3. Intestinal Calcium:

Calcium is a chemical element with symbol Ca and atomic number 20. Calcium is a soft

gray alkaline earth metal, fifth - most - abundant element by mass in the Earth's crust. Calcium is

essential for living organisms, in particular in cell physiology, where movement of the calcium

ion into and out of the cytoplasm functions as a signal for many cellular processes.

The following organs which have been studied at autopsy for

histopathology:-

1. Liver

2. Intestine

Principle:

Histopathology (compound of three Greek words: histos "tissue", pathos "suffering", and

logia "study of") refers to the microscopic examination of tissue in order to study the

manifestations of disease. Specifically, in clinical medicine, histopathology refers to the

examination of a biopsy or surgical specimen by a pathologist, after the specimen has processed

and histological sections have placed onto glass slides.

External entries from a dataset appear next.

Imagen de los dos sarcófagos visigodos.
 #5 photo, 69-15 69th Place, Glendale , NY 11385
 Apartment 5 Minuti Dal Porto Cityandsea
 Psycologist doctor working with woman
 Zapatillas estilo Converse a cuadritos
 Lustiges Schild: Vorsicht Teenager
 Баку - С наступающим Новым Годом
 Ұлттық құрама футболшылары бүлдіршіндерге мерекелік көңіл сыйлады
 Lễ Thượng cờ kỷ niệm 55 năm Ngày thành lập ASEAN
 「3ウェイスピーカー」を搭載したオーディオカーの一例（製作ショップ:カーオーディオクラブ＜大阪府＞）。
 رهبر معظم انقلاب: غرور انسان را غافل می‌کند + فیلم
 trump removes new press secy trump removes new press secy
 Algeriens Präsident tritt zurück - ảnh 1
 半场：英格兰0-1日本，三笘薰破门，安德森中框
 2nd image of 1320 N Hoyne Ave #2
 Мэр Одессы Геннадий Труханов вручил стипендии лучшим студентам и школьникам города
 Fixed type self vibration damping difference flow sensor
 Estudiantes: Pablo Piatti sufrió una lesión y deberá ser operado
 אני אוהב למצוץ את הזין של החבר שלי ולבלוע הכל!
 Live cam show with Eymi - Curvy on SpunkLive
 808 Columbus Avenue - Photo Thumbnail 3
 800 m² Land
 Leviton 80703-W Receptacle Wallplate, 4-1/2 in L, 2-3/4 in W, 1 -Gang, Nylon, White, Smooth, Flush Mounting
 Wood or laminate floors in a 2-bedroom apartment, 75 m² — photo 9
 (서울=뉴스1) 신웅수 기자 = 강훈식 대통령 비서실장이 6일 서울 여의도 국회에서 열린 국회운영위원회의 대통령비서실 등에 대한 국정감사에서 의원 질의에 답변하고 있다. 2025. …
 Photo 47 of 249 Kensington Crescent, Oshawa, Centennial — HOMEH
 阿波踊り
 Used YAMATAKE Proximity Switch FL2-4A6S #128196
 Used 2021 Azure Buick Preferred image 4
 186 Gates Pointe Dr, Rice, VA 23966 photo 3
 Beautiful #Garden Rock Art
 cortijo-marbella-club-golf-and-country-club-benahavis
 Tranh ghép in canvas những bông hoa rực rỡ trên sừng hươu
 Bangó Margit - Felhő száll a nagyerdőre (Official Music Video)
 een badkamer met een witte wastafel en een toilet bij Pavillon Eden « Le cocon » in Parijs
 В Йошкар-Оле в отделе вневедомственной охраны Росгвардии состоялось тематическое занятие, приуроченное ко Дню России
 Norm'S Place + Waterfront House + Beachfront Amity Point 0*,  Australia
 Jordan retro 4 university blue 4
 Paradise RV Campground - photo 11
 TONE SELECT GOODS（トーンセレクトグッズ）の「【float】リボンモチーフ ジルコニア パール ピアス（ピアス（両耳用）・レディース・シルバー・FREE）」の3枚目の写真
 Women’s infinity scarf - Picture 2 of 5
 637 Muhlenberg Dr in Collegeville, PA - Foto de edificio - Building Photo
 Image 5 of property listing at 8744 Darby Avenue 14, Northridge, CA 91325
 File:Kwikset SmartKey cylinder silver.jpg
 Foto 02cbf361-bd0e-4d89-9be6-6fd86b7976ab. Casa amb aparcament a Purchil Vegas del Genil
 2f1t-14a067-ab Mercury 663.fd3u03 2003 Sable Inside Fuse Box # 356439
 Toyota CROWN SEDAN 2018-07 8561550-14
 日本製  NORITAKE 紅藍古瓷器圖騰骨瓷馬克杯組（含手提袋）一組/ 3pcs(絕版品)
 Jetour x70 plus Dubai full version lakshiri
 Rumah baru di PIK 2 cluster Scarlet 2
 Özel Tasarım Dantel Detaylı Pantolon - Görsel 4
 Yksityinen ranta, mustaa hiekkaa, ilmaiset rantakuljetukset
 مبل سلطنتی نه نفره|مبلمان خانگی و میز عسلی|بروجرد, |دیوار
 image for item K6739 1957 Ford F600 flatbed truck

The tissue is removing from the body, and then placed in a fixative that stabilizes the

tissues to prevent decay. The most common fixative is formalin (10% formaldehyde in water).

SIGNIFICANCE OF THE STUDY

The study will help in identifying the toxic nature (if any) of the most prevalently

used nano substance titanium dioxide in foodstuffs and its implications and further, in curing and

nullifying these effects with the commonly used medicinal plant Aloe vera.